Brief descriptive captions
══════════
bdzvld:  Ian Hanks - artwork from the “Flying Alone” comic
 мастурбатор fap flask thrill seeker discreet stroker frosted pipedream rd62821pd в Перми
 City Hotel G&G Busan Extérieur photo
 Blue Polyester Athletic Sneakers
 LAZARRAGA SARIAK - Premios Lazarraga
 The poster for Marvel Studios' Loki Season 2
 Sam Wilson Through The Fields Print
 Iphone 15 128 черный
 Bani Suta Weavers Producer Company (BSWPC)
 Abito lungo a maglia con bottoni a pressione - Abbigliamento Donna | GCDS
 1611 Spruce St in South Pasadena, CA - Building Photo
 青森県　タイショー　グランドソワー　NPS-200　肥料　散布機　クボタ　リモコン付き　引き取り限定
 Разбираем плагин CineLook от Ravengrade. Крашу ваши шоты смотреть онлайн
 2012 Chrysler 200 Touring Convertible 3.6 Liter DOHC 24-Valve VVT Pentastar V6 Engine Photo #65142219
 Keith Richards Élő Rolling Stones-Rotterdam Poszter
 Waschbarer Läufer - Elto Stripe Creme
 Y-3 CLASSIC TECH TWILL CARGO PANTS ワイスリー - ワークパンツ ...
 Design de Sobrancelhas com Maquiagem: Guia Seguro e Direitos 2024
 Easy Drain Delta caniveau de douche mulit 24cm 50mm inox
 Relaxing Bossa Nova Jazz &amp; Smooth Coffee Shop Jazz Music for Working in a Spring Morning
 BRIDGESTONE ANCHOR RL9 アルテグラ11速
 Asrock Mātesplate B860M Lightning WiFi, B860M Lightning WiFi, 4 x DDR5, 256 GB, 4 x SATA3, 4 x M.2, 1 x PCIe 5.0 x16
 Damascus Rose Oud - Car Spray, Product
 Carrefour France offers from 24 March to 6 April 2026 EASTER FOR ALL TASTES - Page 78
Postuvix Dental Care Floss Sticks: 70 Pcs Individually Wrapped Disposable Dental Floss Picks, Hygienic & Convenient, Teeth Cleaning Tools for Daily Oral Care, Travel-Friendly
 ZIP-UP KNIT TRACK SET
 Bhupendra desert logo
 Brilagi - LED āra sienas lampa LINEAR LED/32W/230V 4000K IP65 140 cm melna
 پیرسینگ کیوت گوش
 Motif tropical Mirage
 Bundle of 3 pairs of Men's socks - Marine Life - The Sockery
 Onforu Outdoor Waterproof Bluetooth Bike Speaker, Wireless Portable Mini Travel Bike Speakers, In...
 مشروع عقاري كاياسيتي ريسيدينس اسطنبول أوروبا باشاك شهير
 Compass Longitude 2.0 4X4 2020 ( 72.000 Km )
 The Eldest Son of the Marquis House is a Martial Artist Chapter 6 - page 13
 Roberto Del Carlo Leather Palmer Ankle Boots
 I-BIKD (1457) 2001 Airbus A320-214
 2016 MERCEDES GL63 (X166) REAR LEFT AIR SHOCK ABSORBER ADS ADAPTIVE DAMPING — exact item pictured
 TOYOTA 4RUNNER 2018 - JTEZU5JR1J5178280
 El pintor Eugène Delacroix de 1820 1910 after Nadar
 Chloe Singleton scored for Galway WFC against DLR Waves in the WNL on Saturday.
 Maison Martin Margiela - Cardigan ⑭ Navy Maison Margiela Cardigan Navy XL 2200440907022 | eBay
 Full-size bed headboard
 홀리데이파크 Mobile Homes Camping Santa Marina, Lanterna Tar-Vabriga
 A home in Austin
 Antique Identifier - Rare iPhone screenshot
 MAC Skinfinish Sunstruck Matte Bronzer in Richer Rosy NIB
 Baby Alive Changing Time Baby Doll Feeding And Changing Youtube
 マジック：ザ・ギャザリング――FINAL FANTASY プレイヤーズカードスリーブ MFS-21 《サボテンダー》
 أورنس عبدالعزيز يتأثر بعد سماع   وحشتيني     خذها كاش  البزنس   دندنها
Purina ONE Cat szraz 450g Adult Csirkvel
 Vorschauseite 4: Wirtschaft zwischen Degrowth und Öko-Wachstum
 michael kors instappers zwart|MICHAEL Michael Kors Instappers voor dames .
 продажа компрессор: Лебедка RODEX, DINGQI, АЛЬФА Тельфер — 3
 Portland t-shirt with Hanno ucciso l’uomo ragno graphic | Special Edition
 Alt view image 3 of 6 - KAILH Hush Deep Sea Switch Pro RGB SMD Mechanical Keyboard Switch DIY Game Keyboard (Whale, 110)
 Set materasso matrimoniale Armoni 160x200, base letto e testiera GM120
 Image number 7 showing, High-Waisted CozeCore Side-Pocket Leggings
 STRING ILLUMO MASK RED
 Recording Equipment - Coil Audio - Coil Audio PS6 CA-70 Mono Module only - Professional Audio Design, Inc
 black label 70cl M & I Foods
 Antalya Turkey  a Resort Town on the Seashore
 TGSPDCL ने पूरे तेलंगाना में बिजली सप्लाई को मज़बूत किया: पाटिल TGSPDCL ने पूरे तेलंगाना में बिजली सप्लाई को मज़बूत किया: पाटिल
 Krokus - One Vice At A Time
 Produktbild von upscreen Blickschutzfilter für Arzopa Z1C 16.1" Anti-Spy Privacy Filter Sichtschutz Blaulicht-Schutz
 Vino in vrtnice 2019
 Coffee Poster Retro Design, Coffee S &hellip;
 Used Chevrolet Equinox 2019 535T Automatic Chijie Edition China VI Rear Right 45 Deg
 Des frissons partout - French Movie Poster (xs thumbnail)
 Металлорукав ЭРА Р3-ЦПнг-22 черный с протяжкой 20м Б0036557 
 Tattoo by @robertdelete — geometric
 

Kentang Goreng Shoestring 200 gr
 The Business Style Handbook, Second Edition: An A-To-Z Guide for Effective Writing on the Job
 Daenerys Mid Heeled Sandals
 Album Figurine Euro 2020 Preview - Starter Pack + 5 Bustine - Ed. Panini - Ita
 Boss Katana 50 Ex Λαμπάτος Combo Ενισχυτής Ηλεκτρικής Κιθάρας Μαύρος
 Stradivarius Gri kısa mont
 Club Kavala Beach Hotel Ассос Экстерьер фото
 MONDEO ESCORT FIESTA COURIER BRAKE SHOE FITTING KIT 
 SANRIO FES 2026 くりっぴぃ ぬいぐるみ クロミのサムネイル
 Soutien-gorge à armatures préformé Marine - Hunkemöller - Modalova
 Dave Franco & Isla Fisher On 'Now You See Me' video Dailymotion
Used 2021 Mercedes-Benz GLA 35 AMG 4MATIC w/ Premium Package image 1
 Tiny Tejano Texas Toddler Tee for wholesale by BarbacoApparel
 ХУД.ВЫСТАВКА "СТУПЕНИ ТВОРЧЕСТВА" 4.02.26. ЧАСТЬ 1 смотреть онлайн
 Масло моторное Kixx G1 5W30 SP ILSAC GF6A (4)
══════════
> **Exercise**
Tally the lines of the records holding the word "Time", then state only the tally.

> **Your solution**
2